Over the course of the last week I spent several tearful hours watching 2 powerful films about the war in the Middle East. The first was The Hurt Locker, a film about an elite Army bomb squad in Iraq. The second was Restrepo, a documentary chronicling the deployment of a platoon of soldiers in Afghanistan’s Korengal Valley, an area known as one of the most deadly stations in the U.S. military. One film was a hollywood interpretation, and the other was live footage from a couple cameramen stationed with a platoon. (After watching the real footage I must applaud the efforts of hollywood, they were almost spot on in their depiction.) Both films were incredible and moving.
Watching these movies really affected me. I actually sat and sobbed after one of them. I’ve always had a strong desire to understand the truth about war. I’ve been deeply touched by movies and images depicting World War I and II, Vietnam, Rwanda, etc. But it means something different when you watch footage from a war that is happening right now, today, this very moment. When you have friends and family who are currently there, just got home, or about to be deployed. When you see the sacrifices being made and think of everyone affected by what is happening.

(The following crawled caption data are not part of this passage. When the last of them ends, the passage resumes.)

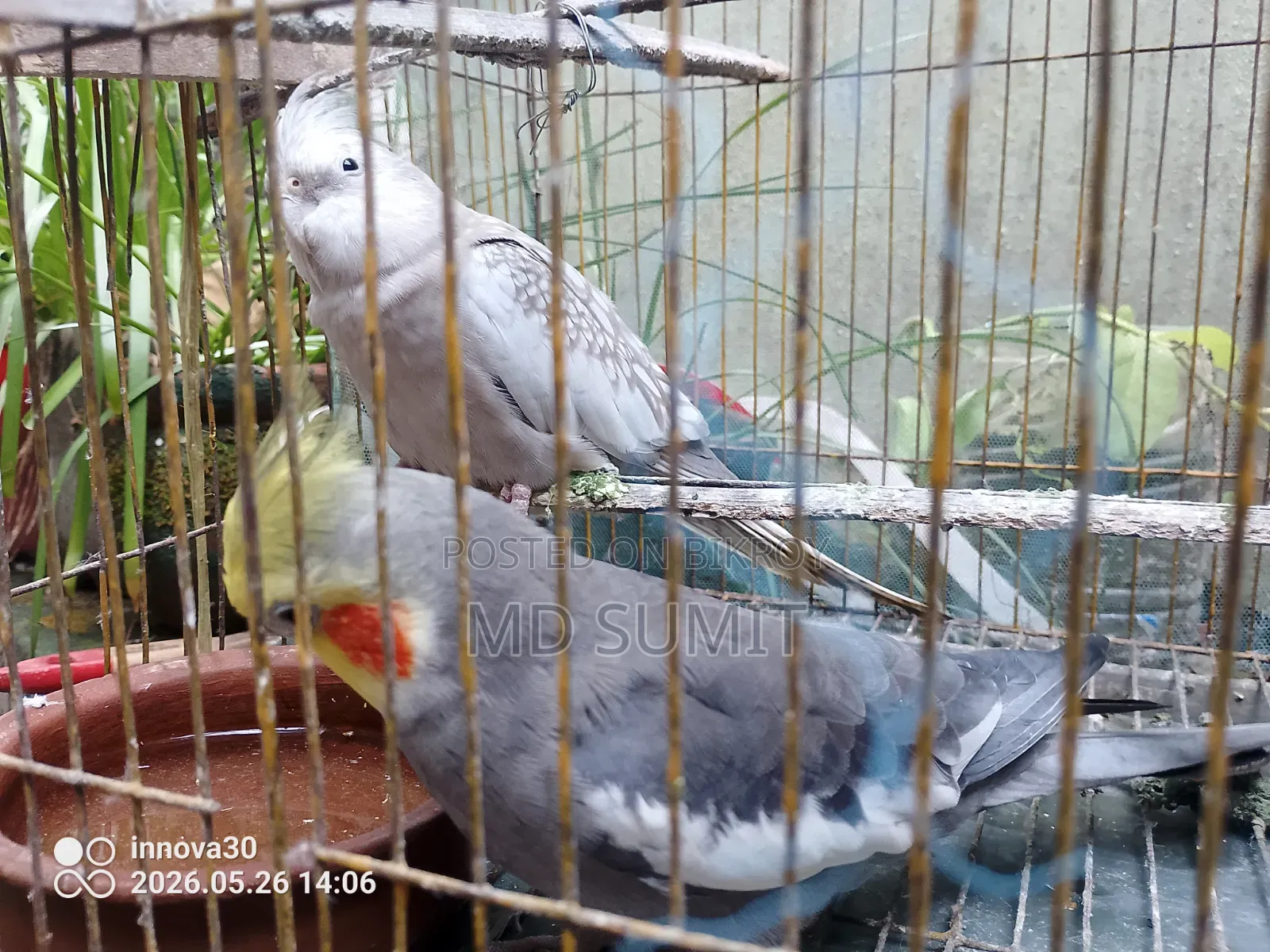 Pair of Healthy Cockatiel Birds for Sale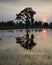 Sunset over rice fields Asia weather patterns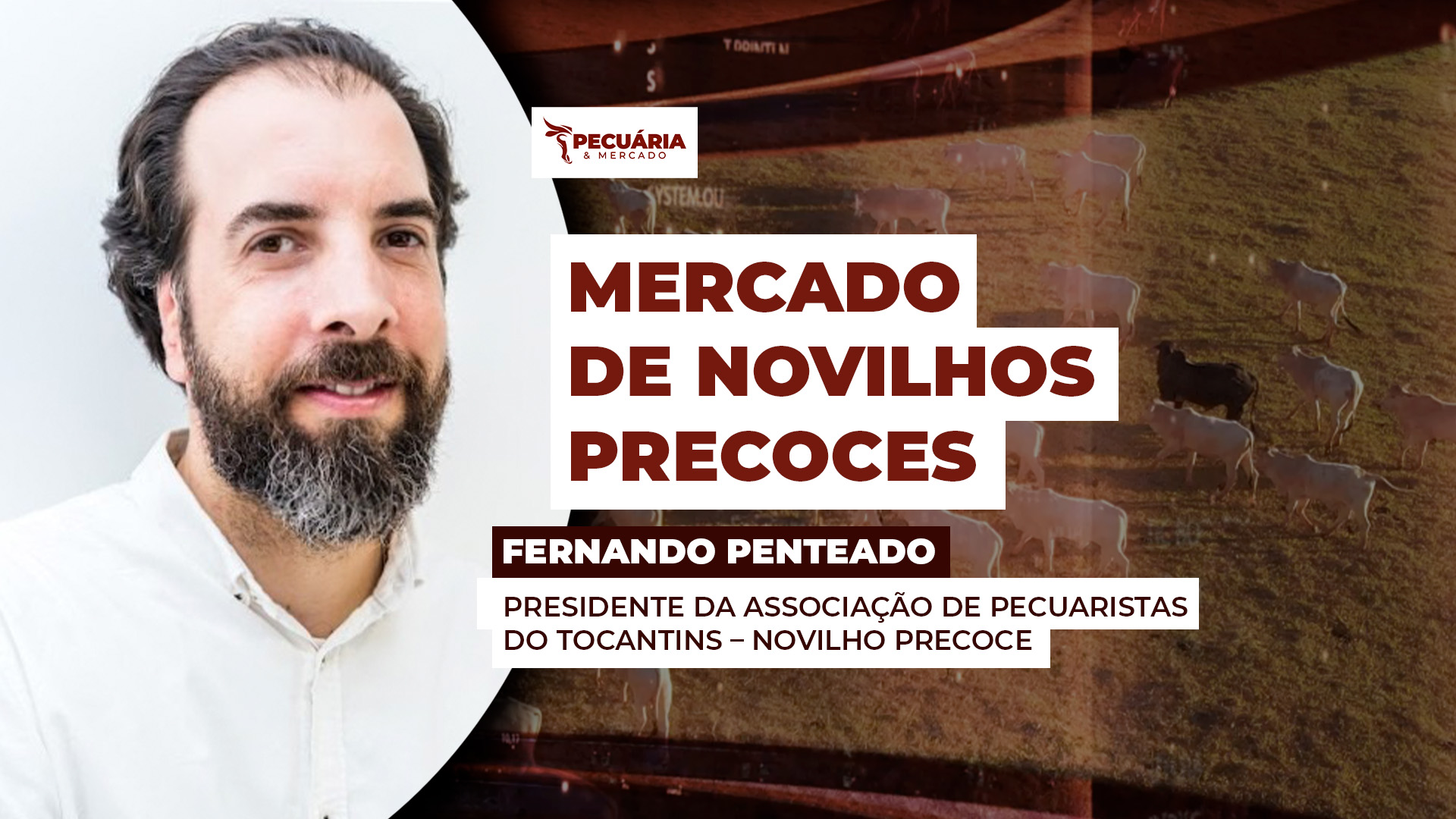 A criação de Novilhos Precoces vem ganhando destaque na pecuária brasileira para atender uma nova demanda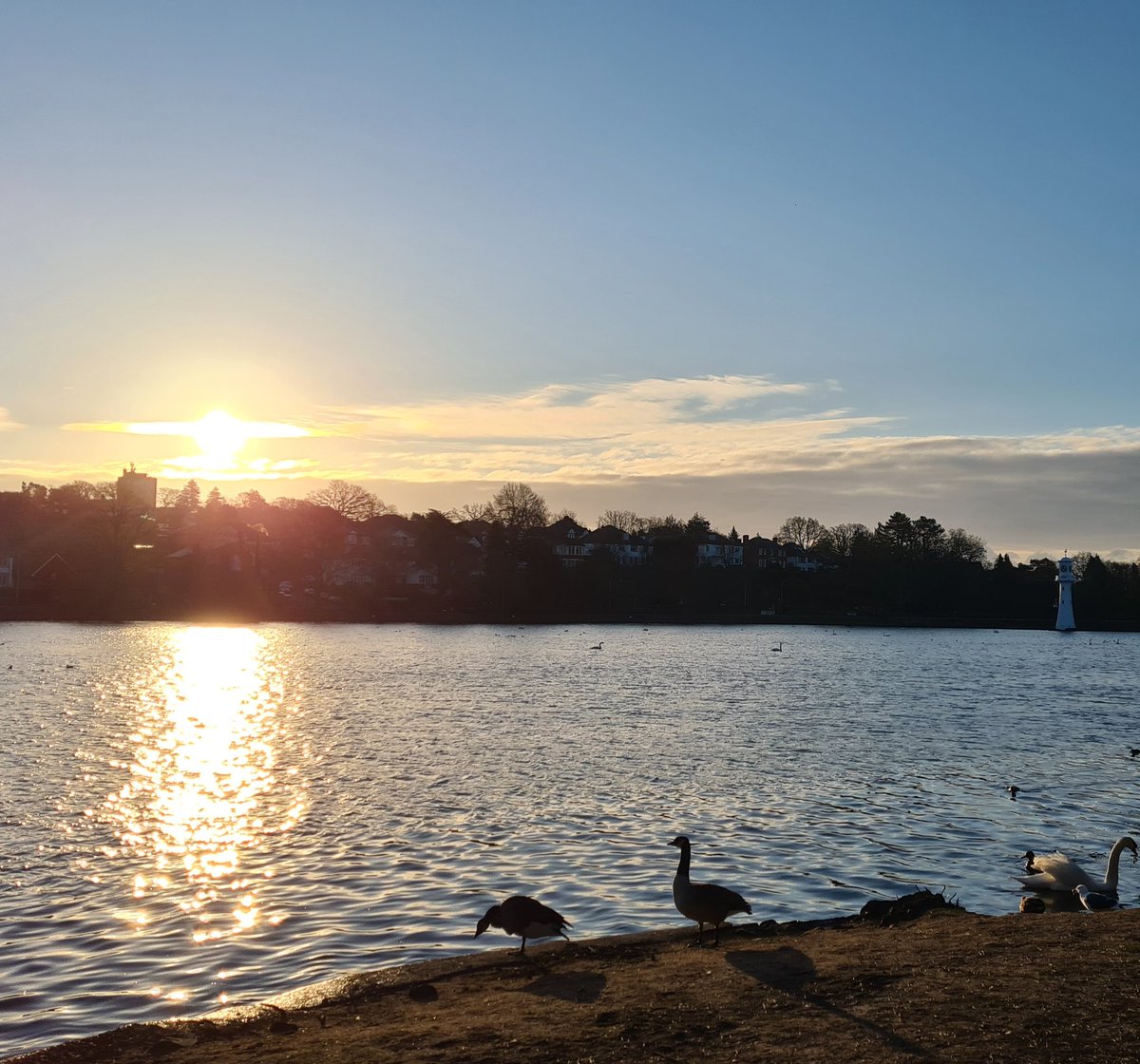chrissoalarch8's tweet image. View from the 'morning commute' before WFH @info_specific ☀️ #solarsnaps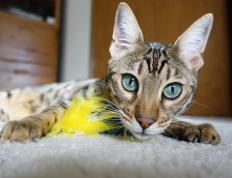 开云体育APP下载-猛龙逆转雷霆！拉梅洛末节12分导演大翻盘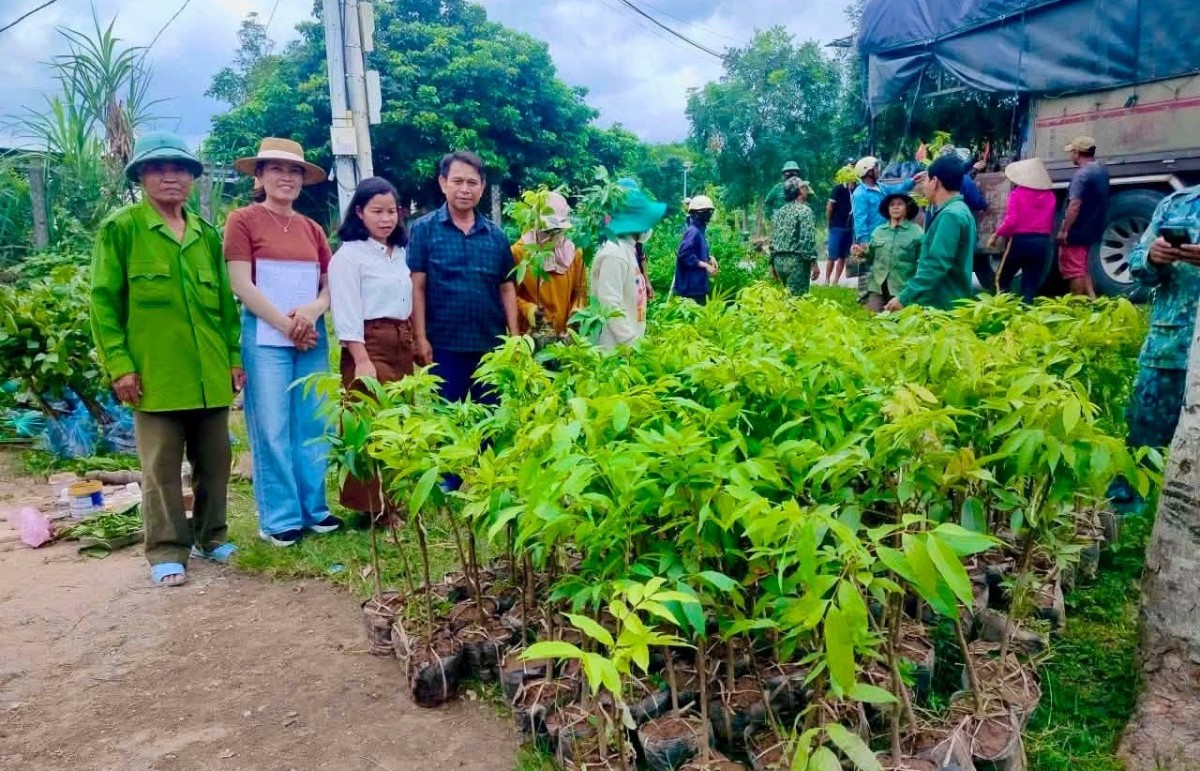 giống cây ăn quả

War is captured in different ways. Movies, music, literature, and photography. Each form is powerful in its own right. Being married to a photographer, and always having loved the way a photograph can capture a situation and tell a story, I am moved by combat photography. The images are real, transparent. They have a way of speaking truth, fear, devastation, and victory in a striking and compelling format. The photographs of David Guttenfelder (a photographer with the Associated Press) are no different. His images are beautiful. Not only has he captured the current war using conventional equipment, but he also has a campaign of images taken with his iphone. Guttenfelder is just as real as the photos he sends home. He is right in the middle of danger and conflict, sharing the same experiences as the soldiers surrounding him. Instead of a gun he shoulders a camera, capturing experiences that open the eyes of many.
I am deeply grateful for those who put their lives on the line for the safety of others. Thank you.